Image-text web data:
BEGIN

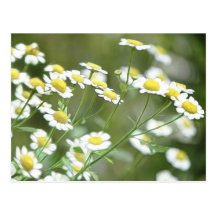 Feverfew Blossoms Postcards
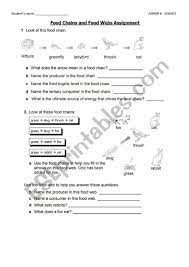 Food Chains And Food Webs Esl Worksheet By Eu G Live Com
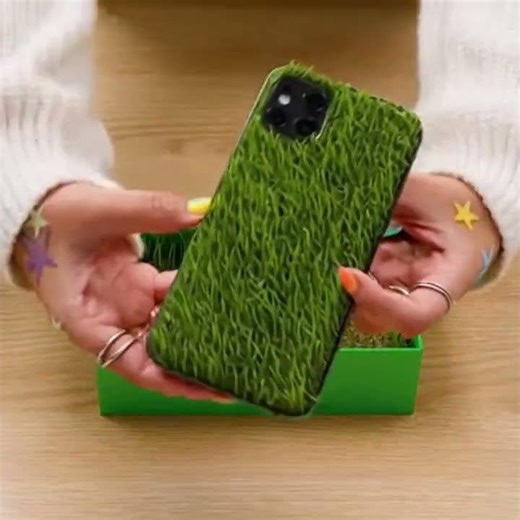 The Touch Grass Phone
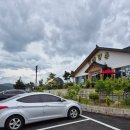 메밀촌 | 강원도 양양 맛집 내돈내산 상운 메밀촌 수육 육개장 칼국수 후기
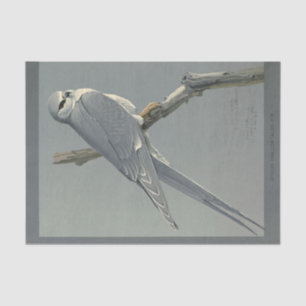 Bird Ephemera Decoupage Grey Hawk Tissue Paper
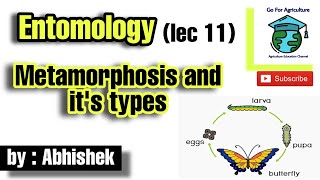 Metamorphosis in insects and its types  Entomology lec 11  Go For Agriculture [upl. by Nabatse]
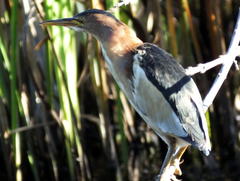 Ixobrychus minutus payesii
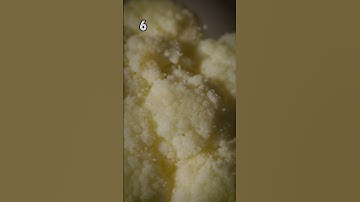 How Many Objects Can You Identify Game 10 #shorts #game #games #food #fun #foodie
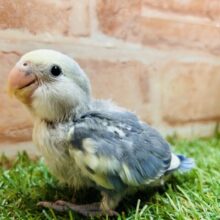 綺麗な色合いが魅力的💙💛💙💛　コザクラインコ（ブルーパイド）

END

Problem details —
Reproduce exactly the lines above from the one with "Ixobrychus minutus payesii" through the last line of the data, keeping both ends and dropping the pictures.

Exercise response —
 Ixobrychus minutus payesii
 How Many Objects Can You Identify Game 10 #shorts #game #games #food #fun #foodie
 綺麗な色合いが魅力的💙💛💙💛　コザクラインコ（ブルーパイド）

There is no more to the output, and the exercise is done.